If you don’t go overboard on your Christmas gift-buying, good for you! If you’re having buyer’s remorse about overspending, you can scale back in other areas. Here are tips to save money and sanity this Christmas.
Save Money and Sanity This Christmas
First, make a game plan.
List makers like me have either a nice stockpile of old-school legal pads, or amazing list-making apps on your smart phone. I like to make a general list of To Do’s for any party I plan; then break it down into smaller lists, like the guest list, my menu, what items I need for each recipe, etc. By planning ahead, you can purchase most items on sale and use your coupons!
If you’re really into planning, you probably already have a make-your-OCD-friends-drool sort of planner like Erin Condren, or I went with the Happy Planner.
But even though my planner makes me happy, I still use legal pads. Tsk, tsk on me. But it works for me, and you have to do what works for you.
So my current Christmas brunch plan of attack (on my old-school legal pad) for this week looks like this:
- Savory items (homemade mini quiches and frozen mini savory puff pastries)
- Sweets (I’m going with cookies – Nutmeg Logs, Brown Sugar Shortbread and Oatmeal White Chocolate Cranberry cookies)
- Ingredients off to the side which will then be transferred to shopping list
- Half-and-half and flavored creamer; sugar and artificial sweeteners
- Serving trays, platters, utensils
- Paper goods
- Party favors
In the margin for each line item, I jot a note for which day I can make recipes ahead, if at all possible. In addition to my Christmas brunch with neighbors, I’m also hosting a Christmas party for some Indy Geek Girls, so I already have pre-made and frozen some items that can be baked fresh right before the party.
By listing everything out, not only am I helping myself avoid overspending by buying duplicates, but I’m saving my sanity when it comes down to party day and I can remember to pull the champagne out of the basement fridge.
Shop first in your own pantry.
It’s nearing the time that I have to roll up my sleeves and organize my pantry. I think it’ll be a January thing. But before you go shopping for your Christmas dinner ingredients, see what items you already have on hand that may need to be used up, or at a minimum, would allow you to check that off your list. Then make your grocery list based on what you need, after you see what you already have in your home.

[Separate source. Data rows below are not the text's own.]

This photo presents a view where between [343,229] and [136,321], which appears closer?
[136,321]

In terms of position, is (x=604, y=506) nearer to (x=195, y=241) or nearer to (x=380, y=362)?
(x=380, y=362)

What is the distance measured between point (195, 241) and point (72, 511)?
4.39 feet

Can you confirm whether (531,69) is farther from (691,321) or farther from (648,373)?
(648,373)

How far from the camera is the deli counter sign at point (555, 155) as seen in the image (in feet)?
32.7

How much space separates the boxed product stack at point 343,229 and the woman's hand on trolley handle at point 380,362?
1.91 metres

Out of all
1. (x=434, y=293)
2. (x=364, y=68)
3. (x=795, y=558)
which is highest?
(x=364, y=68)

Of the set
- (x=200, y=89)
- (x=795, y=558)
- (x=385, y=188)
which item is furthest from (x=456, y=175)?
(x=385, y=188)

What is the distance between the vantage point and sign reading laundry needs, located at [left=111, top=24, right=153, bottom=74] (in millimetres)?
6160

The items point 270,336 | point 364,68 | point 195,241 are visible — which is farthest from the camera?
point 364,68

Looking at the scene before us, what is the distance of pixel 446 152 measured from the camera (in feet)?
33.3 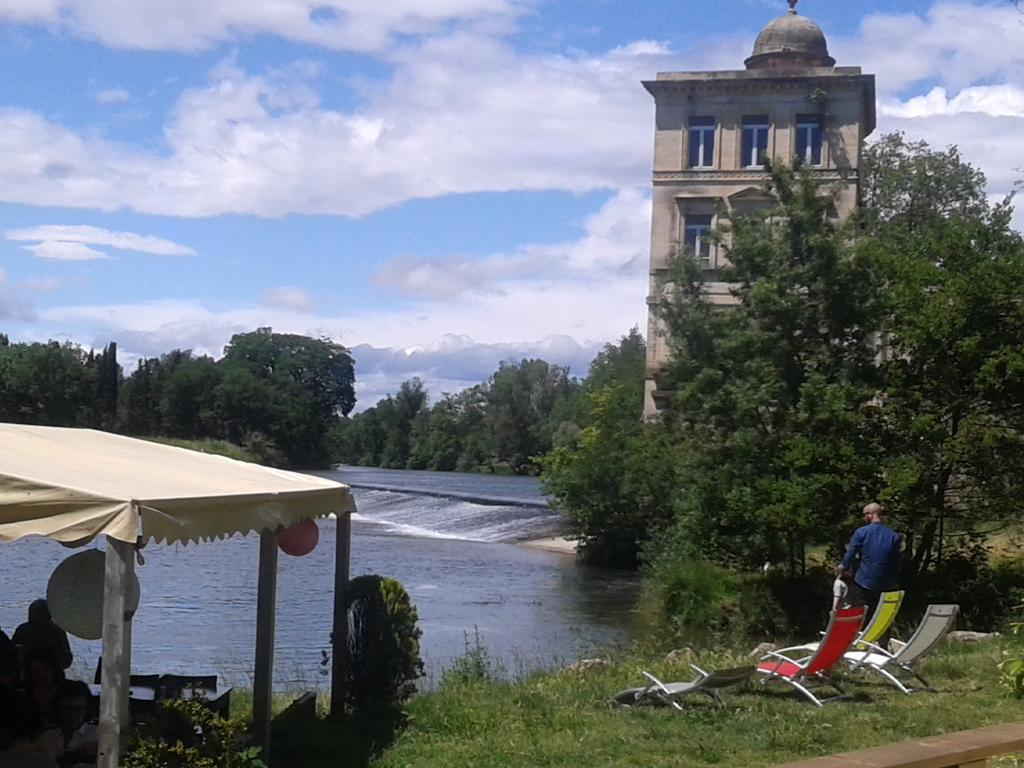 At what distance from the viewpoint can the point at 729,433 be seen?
2484 centimetres

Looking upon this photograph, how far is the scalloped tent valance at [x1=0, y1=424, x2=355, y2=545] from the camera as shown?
6688 millimetres

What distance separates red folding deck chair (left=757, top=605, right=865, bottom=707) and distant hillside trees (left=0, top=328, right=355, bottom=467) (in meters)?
93.2

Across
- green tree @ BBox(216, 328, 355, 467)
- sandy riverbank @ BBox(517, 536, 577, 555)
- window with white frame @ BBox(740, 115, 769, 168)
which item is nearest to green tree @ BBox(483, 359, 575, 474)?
green tree @ BBox(216, 328, 355, 467)

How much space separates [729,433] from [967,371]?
16.9ft

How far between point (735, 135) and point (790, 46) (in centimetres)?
481

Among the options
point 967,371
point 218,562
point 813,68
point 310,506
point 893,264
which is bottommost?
point 218,562

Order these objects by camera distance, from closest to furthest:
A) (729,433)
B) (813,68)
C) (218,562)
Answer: (729,433) → (218,562) → (813,68)

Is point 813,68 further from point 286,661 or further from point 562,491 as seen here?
point 286,661

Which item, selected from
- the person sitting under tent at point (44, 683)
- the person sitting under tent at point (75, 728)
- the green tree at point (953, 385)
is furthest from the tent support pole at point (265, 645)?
the green tree at point (953, 385)

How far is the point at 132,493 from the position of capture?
697 cm

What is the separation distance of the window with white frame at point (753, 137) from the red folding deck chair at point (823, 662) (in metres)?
42.6

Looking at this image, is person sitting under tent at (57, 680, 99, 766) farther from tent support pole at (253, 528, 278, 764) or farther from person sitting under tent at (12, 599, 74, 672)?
→ tent support pole at (253, 528, 278, 764)

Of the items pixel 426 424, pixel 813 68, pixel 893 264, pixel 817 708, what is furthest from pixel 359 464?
pixel 817 708

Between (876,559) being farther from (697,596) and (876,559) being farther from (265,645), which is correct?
(697,596) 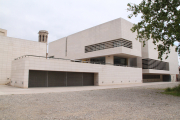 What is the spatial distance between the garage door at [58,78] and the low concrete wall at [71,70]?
1.48 m

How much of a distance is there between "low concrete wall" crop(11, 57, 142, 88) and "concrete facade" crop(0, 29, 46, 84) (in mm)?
5689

Many of my Christmas party paper goods I purchased after Christmas through the years, and the 3-4 leftover plates and napkins from each design get mixed together for the kids to use until they’re gone.
Start Shopping Sales Now!
December is a fabulous time for stocking up your pantry. The sales and coupons are just amazing! Be sure you’re earning cash back on your grocery list items, and check for available coupons. Canned veggies & condensed soups, broths and various other baking items have all been on sale recently.
Change Your Menu.
Do you HAVE to have the same Christmas Ham dinner with 13 sides every year, with no variation? Would your family think you’ve lost your marbles to offer instead a Bourbon Brown Sugar Pork Loin Roast? Consider changing up your meal and your side dishes based on who is attending, their likes & dislikes AND your budget. Can you afford to be extravagant this year or should you scale it back a bit? Traditions are special, but variety is the spice of life!

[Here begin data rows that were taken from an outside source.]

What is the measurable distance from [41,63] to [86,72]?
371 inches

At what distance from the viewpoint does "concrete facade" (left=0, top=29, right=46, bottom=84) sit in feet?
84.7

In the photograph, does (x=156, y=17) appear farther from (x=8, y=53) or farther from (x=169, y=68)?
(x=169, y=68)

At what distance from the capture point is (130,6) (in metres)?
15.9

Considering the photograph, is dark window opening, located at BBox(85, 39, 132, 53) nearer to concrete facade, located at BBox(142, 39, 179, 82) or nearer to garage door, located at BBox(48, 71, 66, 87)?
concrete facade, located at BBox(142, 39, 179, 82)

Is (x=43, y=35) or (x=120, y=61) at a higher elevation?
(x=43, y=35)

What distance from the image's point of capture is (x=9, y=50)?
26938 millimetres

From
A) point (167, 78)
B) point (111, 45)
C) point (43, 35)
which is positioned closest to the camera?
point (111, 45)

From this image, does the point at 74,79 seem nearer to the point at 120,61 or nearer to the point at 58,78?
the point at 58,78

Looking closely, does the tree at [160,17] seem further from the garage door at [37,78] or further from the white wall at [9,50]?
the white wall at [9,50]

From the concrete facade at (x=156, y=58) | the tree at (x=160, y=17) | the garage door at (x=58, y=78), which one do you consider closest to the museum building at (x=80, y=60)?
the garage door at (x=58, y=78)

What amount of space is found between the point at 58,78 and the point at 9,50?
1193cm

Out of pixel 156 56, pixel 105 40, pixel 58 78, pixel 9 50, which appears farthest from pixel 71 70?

For both my and my husband’s families, we do prefer the traditional route. If there is no green bean casserole, let’s just say my brother-in-law will be in a foul mood the rest of the day.
Have a simple table.
Use natural decorations you gather outside, like pinecones and acorns (they’re a-plenty in my backyard, c’mon over before the squirrels store their harvest). Have your kids make decorations using your stash of craft leftovers, which is a two-fer: they’re busy, and it won’t cost you a dime. Check Youtube for different napkin folding techniques and invite your children to give it a-go.
When you plan ahead and are prepared, you can be more clear-headed in your decisions on what to purchase, what days you need to begin your baking or your cooking prep. You will feel less frazzled and more in charge. So, take a few minutes today and being to plan your holiday, whether it is for the actual Christmas dinner, New Year’s party or any other holiday time that needs planning.